Required work
Using the data that follows, give again word for word the lines between the one holding "Retractable Hose Reel, 1/2" and the one holding "Imagem de um", inclusive. Omit the pictures.

Data for analysis
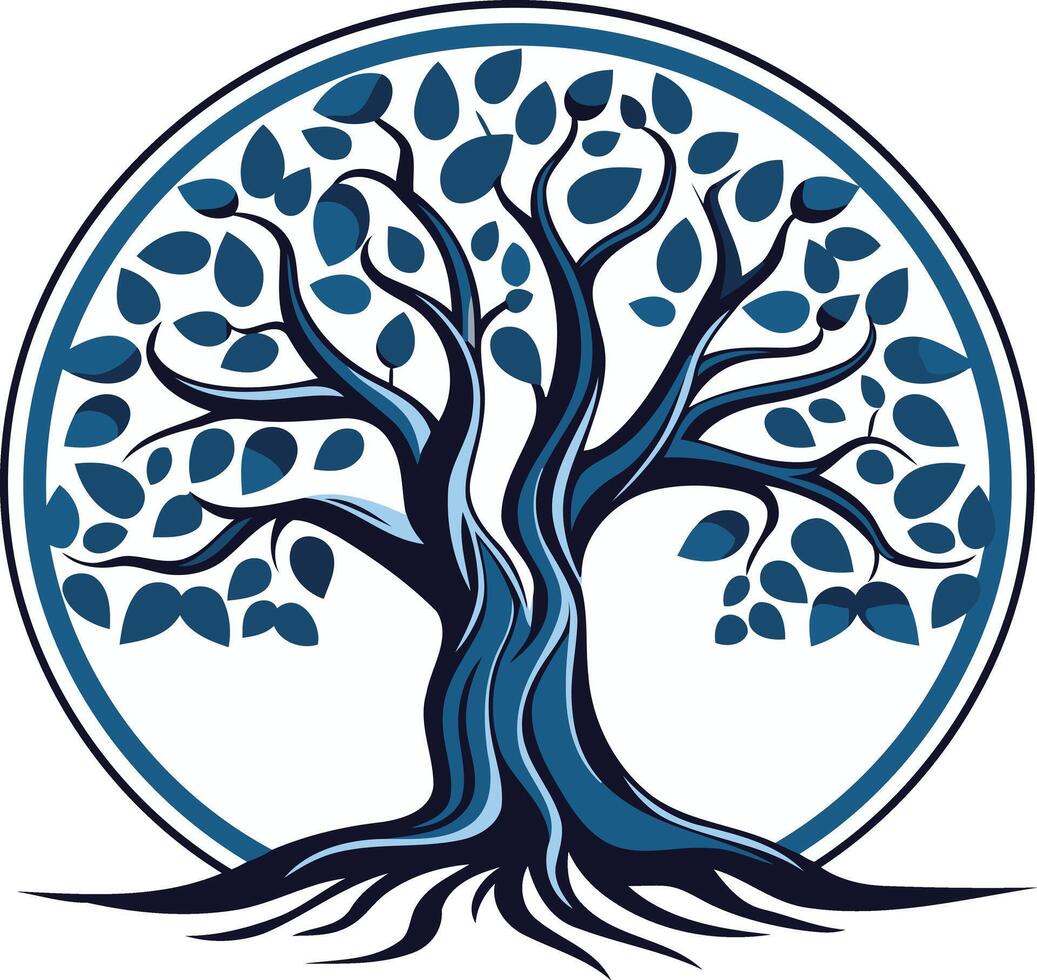 A stylized blue tree of life logo, symbolizing growth, strength, and connection vector
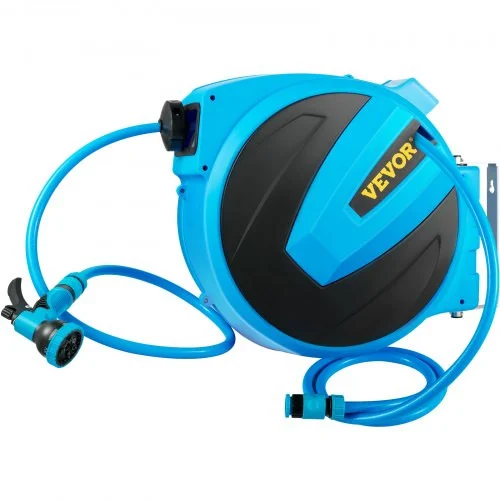 Retractable Hose Reel, 1/2 inch x 75 ft, Any Length Lock & Automatic Rewind Water Hose, Wall Mounted Garden Hose Reel w/ 180ø Swivel Bracket and 7 Pattern Hose Nozzle, Blue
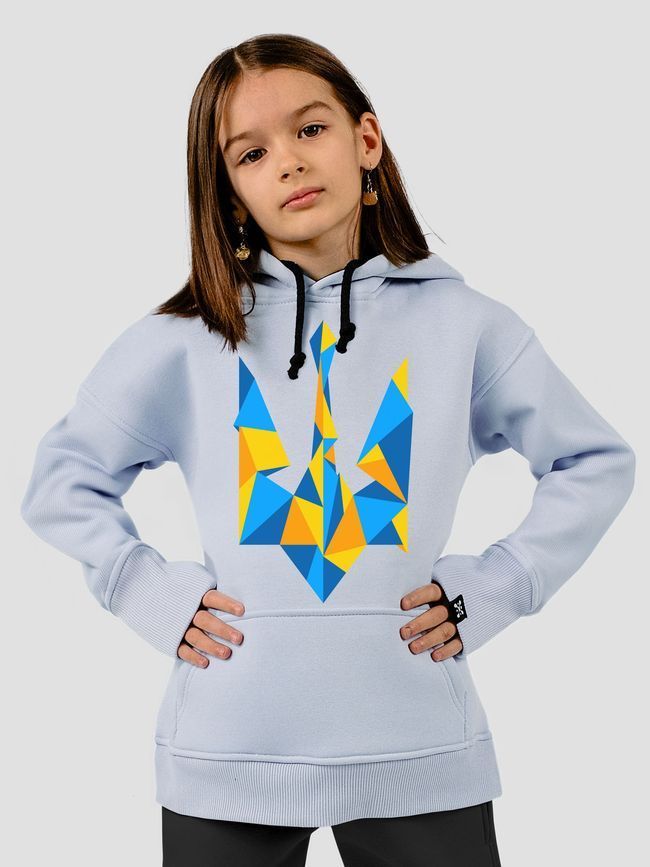 Худі дитяче "Ukraine Geometric", Світло блакитний, L (146-152 см)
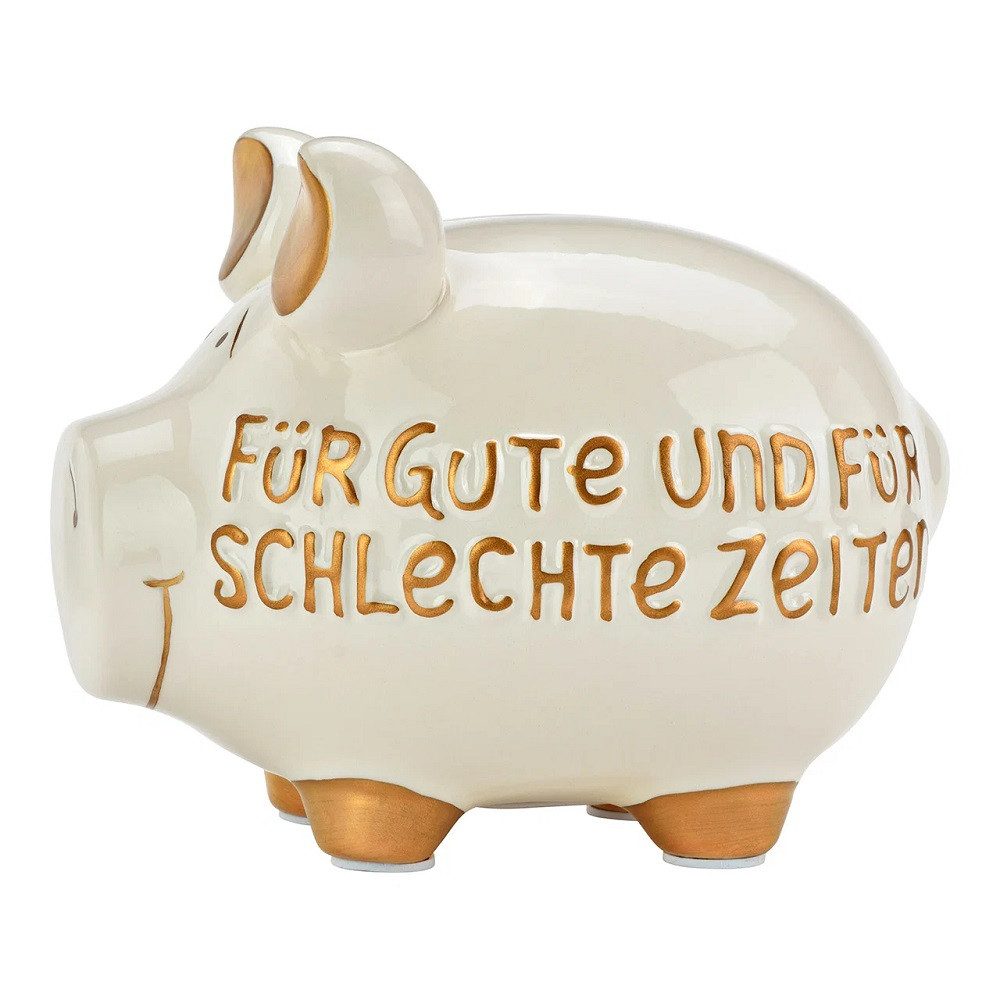 Wurm Spardose Sparschwein 'Für gute und für schlechte Zeiten' weiß 17x15x15cm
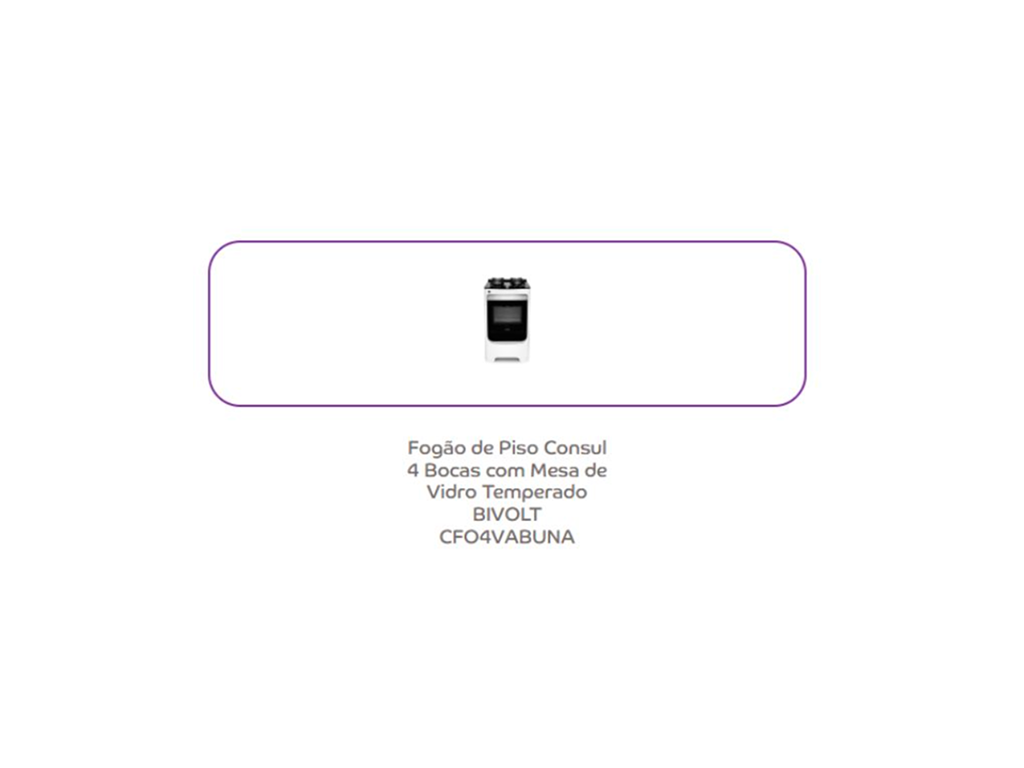 Imagem de um fogão de piso consut com 4 bocas, vidro temperado, marca BIVOLT, código CF04VABUNA.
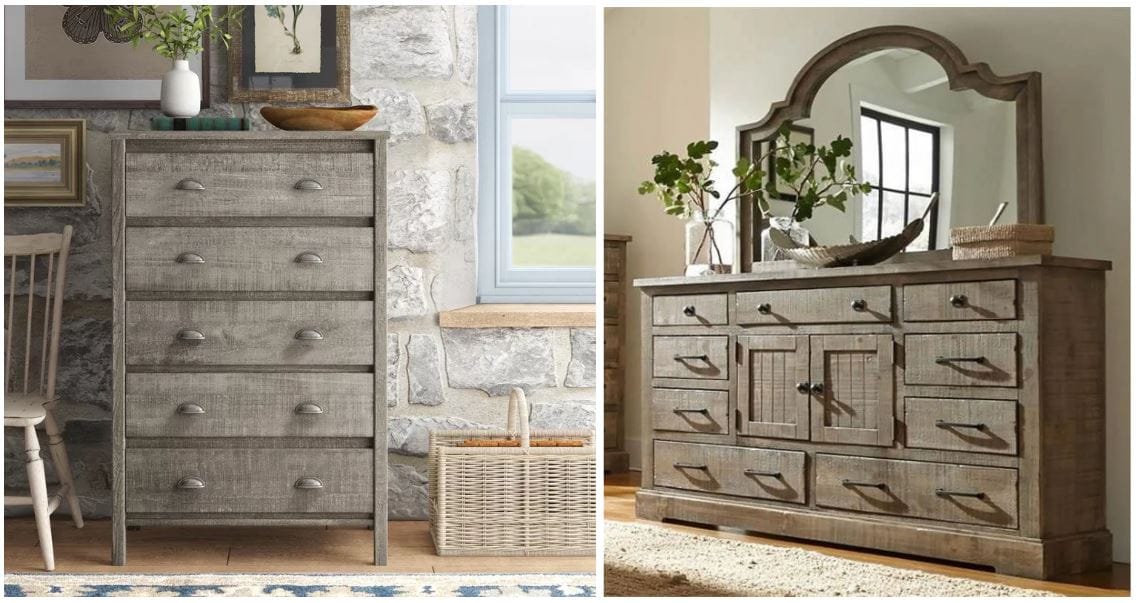 rustic and contemporary dresser with five drawers in a room with stone walls and wooden floors; a weathered gray salvaged pine dresser with nine drawers and an arched mirror; farmhouse dresser style for bedroom or kitchen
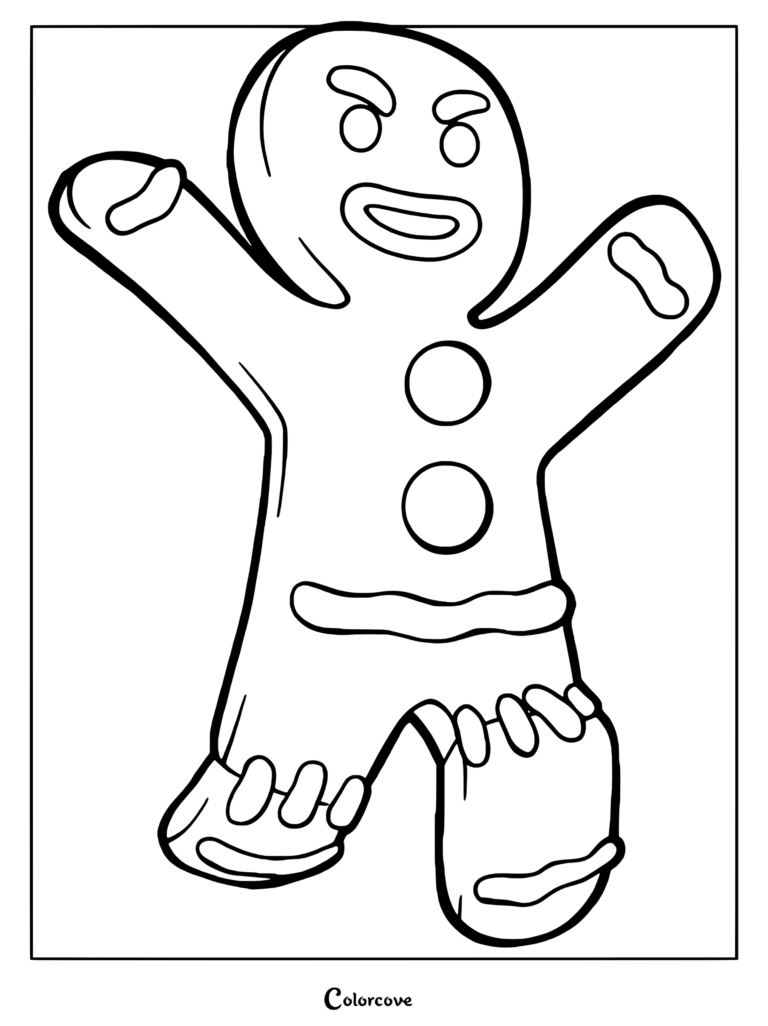 Gingy the Gingerbread Man with arms raised in a cheerful pose on a printable coloring page.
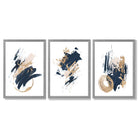 Abstract Navy Blue and Gold Oil Set of 3 Framed Art Prints with Light Grey Wooden Frames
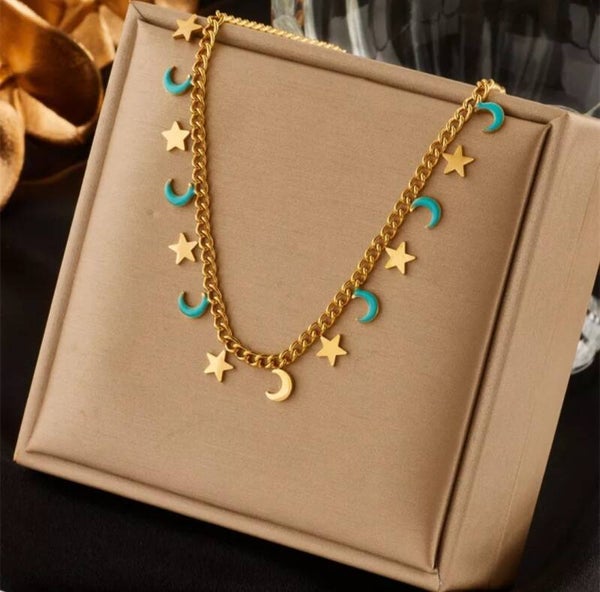 Collier plaqué or chic turquoise 4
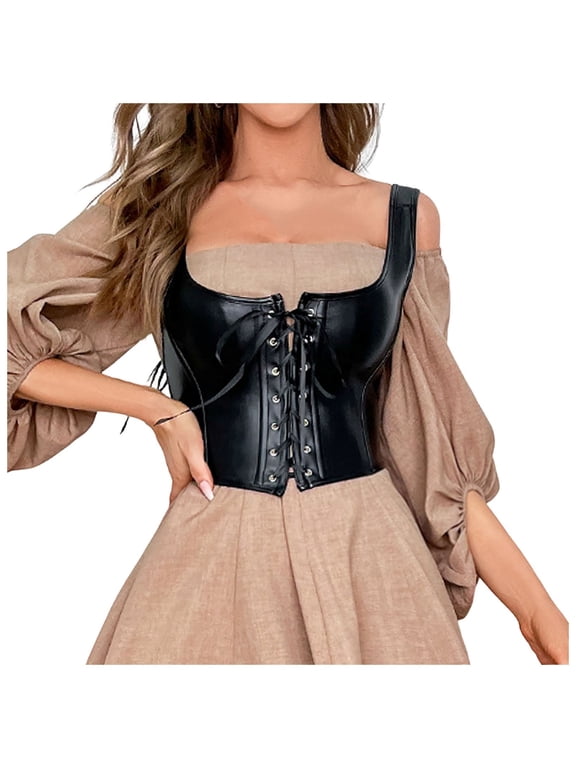 Womens Halloween Faux Leather Corset Top Bustier Lace Up Front Closure Gothic Costume Steampunk Party Wear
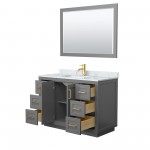 48 Inch Single Bathroom Vanity in Dark Gray, White Carrara Marble Countertop, Sink, Gold Trim, 46 Inch Mirror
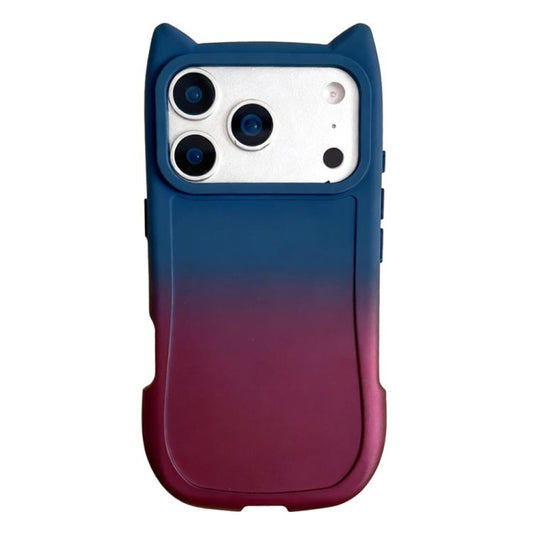 Gradient Cat Ear Design TPU Phone Case, For iPhone 17 Pro Max, For iPhone 17 Pro, For iPhone 17, For iPhone 16 Pro Max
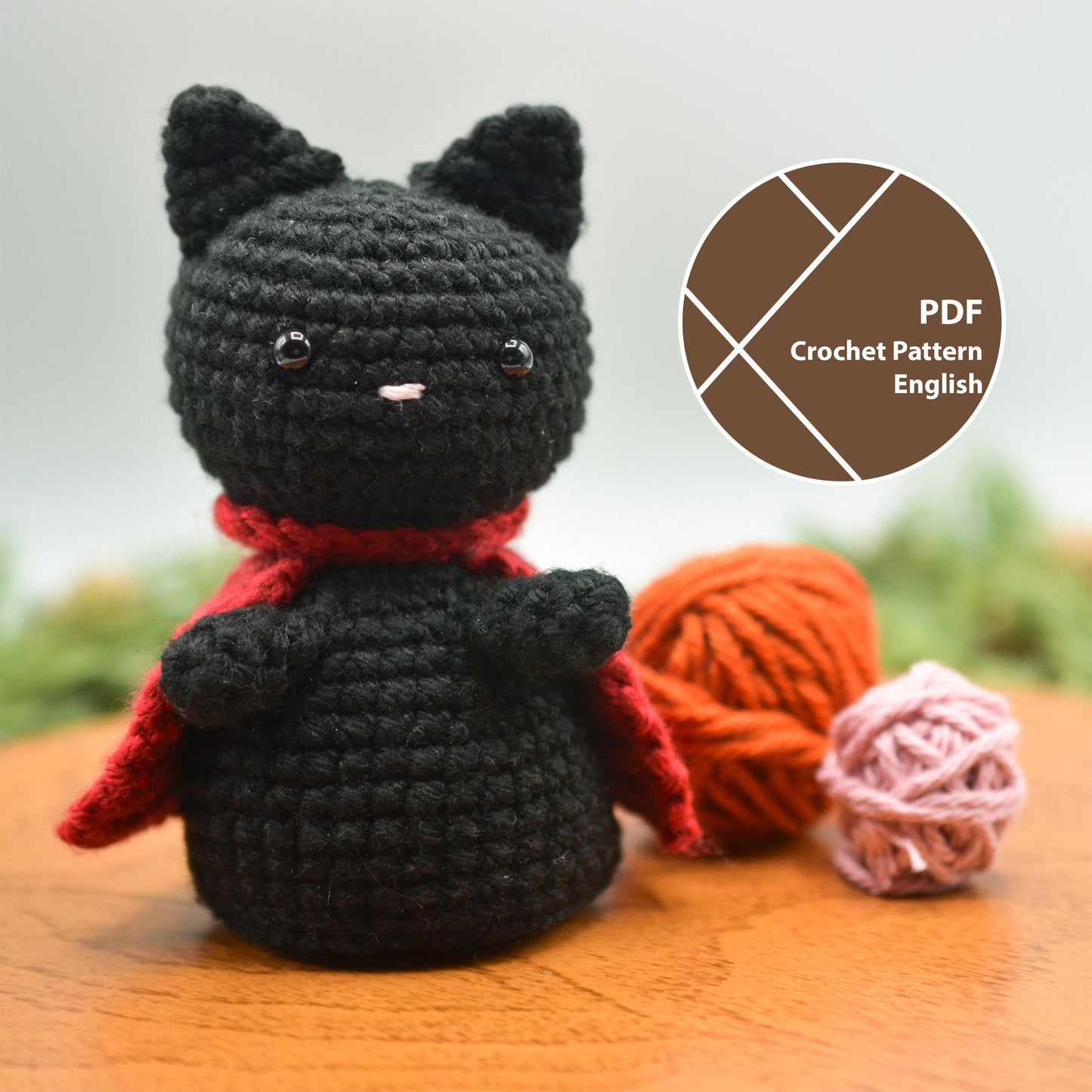 Halloween Crochet Pattern: Black Cat Amigurumi (PDF)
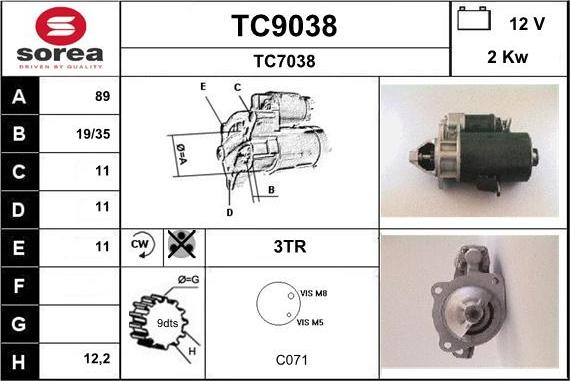 SNRA TC9038 - Motorino d'avviamento autozon.pro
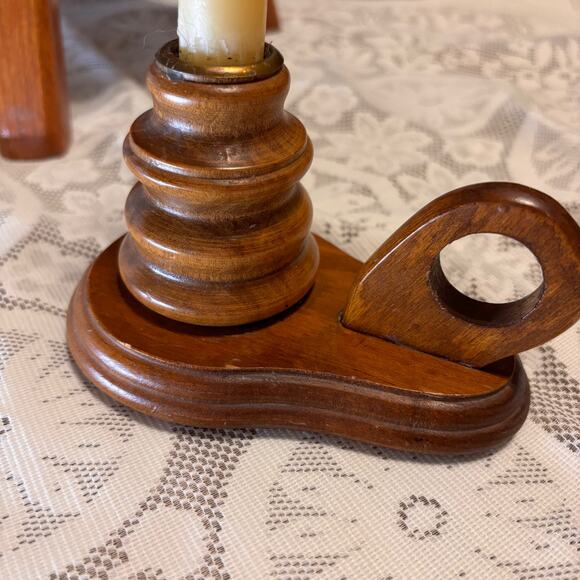 Vintage Wooden Candleholder with Fingerloop Primitive Farmhouse Decor Home - Picture 2 of 3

Response area
 Retractable Hose Reel, 1/2 inch x 75 ft, Any Length Lock & Automatic Rewind Water Hose, Wall Mounted Garden Hose Reel w/ 180ø Swivel Bracket and 7 Pattern Hose Nozzle, Blue
 Худі дитяче "Ukraine Geometric", Світло блакитний, L (146-152 см)
 Wurm Spardose Sparschwein 'Für gute und für schlechte Zeiten' weiß 17x15x15cm
 Imagem de um fogão de piso consut com 4 bocas, vidro temperado, marca BIVOLT, código CF04VABUNA.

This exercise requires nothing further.